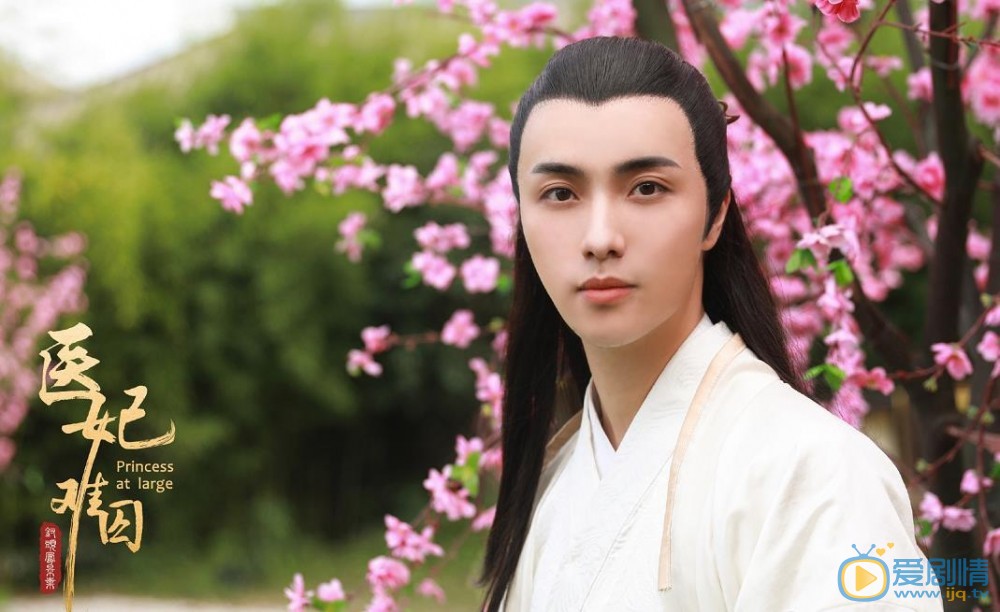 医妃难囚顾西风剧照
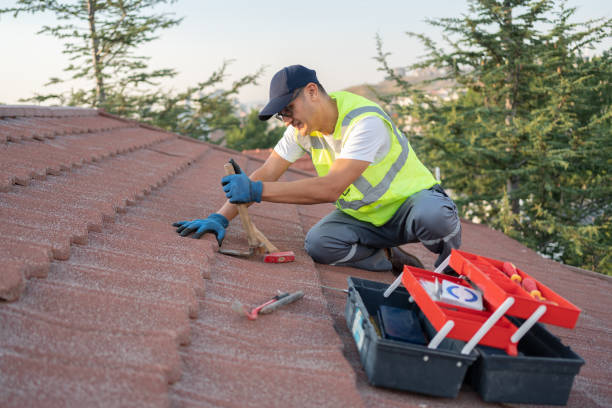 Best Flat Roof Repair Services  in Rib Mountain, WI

--

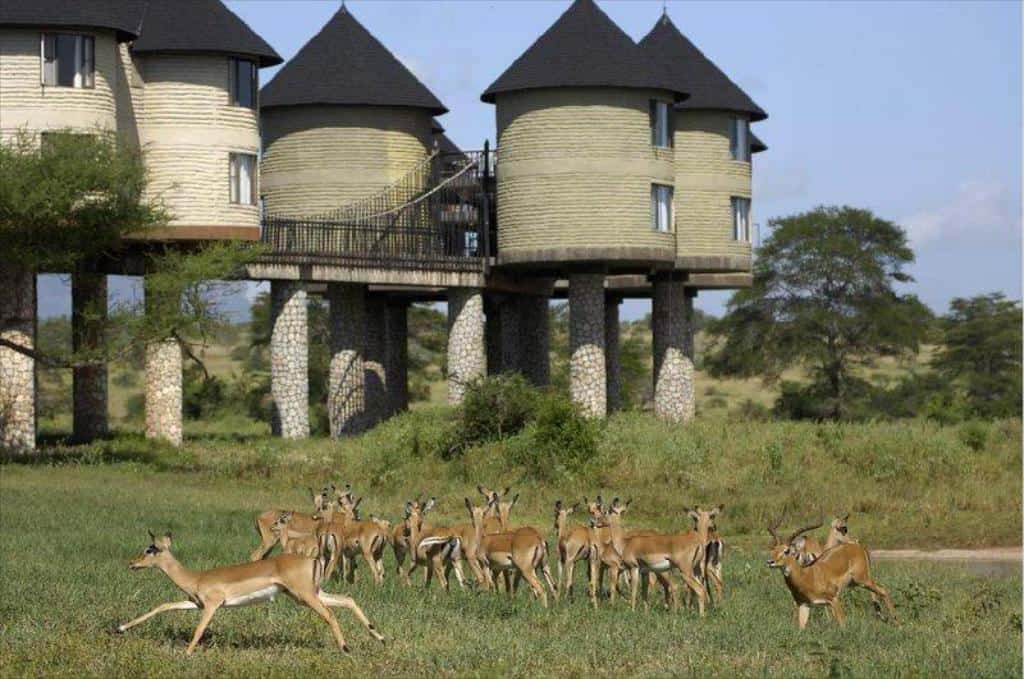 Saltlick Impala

==

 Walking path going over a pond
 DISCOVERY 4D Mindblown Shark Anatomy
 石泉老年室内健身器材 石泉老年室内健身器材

How to complete this task: Leave out every line above except those from the line with "Walking path going over a pond" up to and including the line with "石泉老年室内健身器材 石泉老年室内健身器材", and copy those exactly.

Response to the exercise:
 Walking path going over a pond
 DISCOVERY 4D Mindblown Shark Anatomy
 石泉老年室内健身器材 石泉老年室内健身器材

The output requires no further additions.